Il Beethoven di Argerich e Luisi per l’OSN Rai
Strepitoso successo per l’apertura di stagione
Il felicissimo incontro di Martha Argerich e Fabio Luisi con l’Orchestra Sinfonica Nazionale della Rai dà vita a un’inaugurazione di stagione che è da annoverarsi tra i concerti che si ricorderanno per gli anni a venire. Il Primo Concerto in Do maggiore di Beethoven è tra i cavalli di battaglia della celebre pianista, questa sera più in forma che mai. L’attacco degli archi suona privo di retorica, dal suono limpidissimo e dalla chiara tessitura. Non appena Argerich appoggia le mani sulla tastiera, l’orchestra pare trasfigurata; lampante è la “chimica” tra solista, direttore e compagine sinfonica. Un “Allegro con brio” classicamente misurato, che si concede appena un po’ di grandeur poco prima della cadenza, è un incontro tra l’introversione della Argerich e la freddezza del gesto direttoriale di Luisi. Il “Largo” è un miracolo di levità, grazia e leggerezza: trillo e scale discendenti puntate del pianoforte, i sei accordi in pizzicato degli archi e chiusura in pianissimo del movimento materializzano quella sembra musica delle stelle, sovrumana, giunta da un altrove assai distante. Ma, come spesso accade in Beethoven, scarto repentino verso altra temperie (Argerich e Luisi optano per una corona di brevissima durata, quasi un “attacca subito” che fa sfociare il “Largo” direttamente nel “Rondò”): ruspante, di un’allegrezza campagnola, senza peso, bonaria, è quest’“Allegro scherzando” che porta in sala il fuoco, il temperamento saturnino di Beethoven.

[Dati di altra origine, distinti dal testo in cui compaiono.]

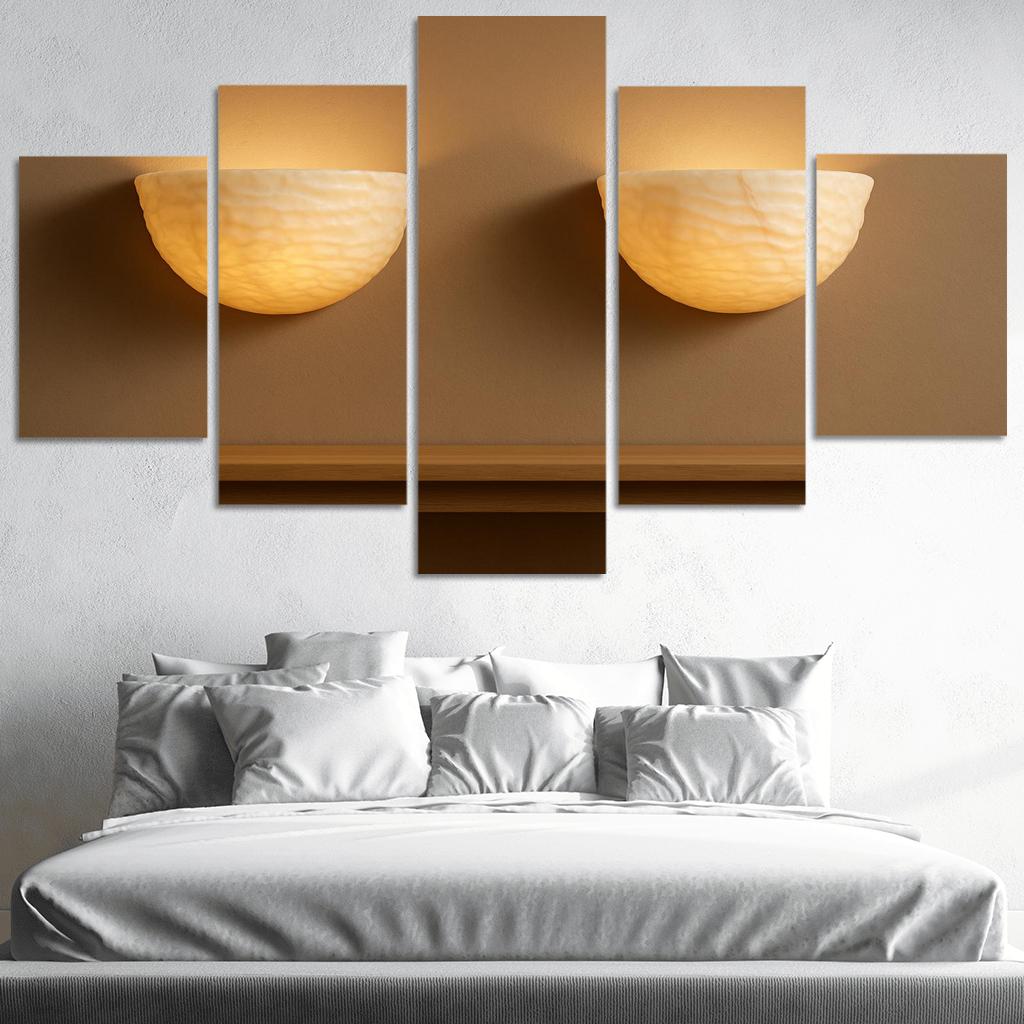 Hand Carved Alabaster Ripple Sconce Pair multi-panel paintings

Non meno illuminante il breve bis bachiano. Le Gavotte dalla Terza Suite Inglese, in sol minore, assai poco barocca: la seconda, specialmente, è come se non l’avessimo mai ascoltata prima, quasi fosse stata ricomposta da Ravel.
Segue la Quinta Sinfonia di Ciajkovskij per la quale Fabio Luisi sceglie tempi assai distesi nell’“Andante” iniziale, cupo e grave, trasformando poi quasi in marcia funebre l’“Andante cantabile”, ancora con gusto per le tinte fosche e il tragico, ma senza forzare la mano; un po’ pallido risuona invece il Valzer, “Allegro moderato”, più interessante la sezione nervosa e scattante. Nel Finale, che prescriverebbe un “Andante maestoso”, il direttore calca la mano nel rilievo delle masse (di ottoni specialmente) risultando, nell’insieme, un po’ pesante.
Successo di pubblico e botteghino (le due serate del concerto ottengono un doppio sold out) senza riserve che ha tributato il consueto affetto alla pianista, al direttore che qui è di casa e all’Orchestra nazionale.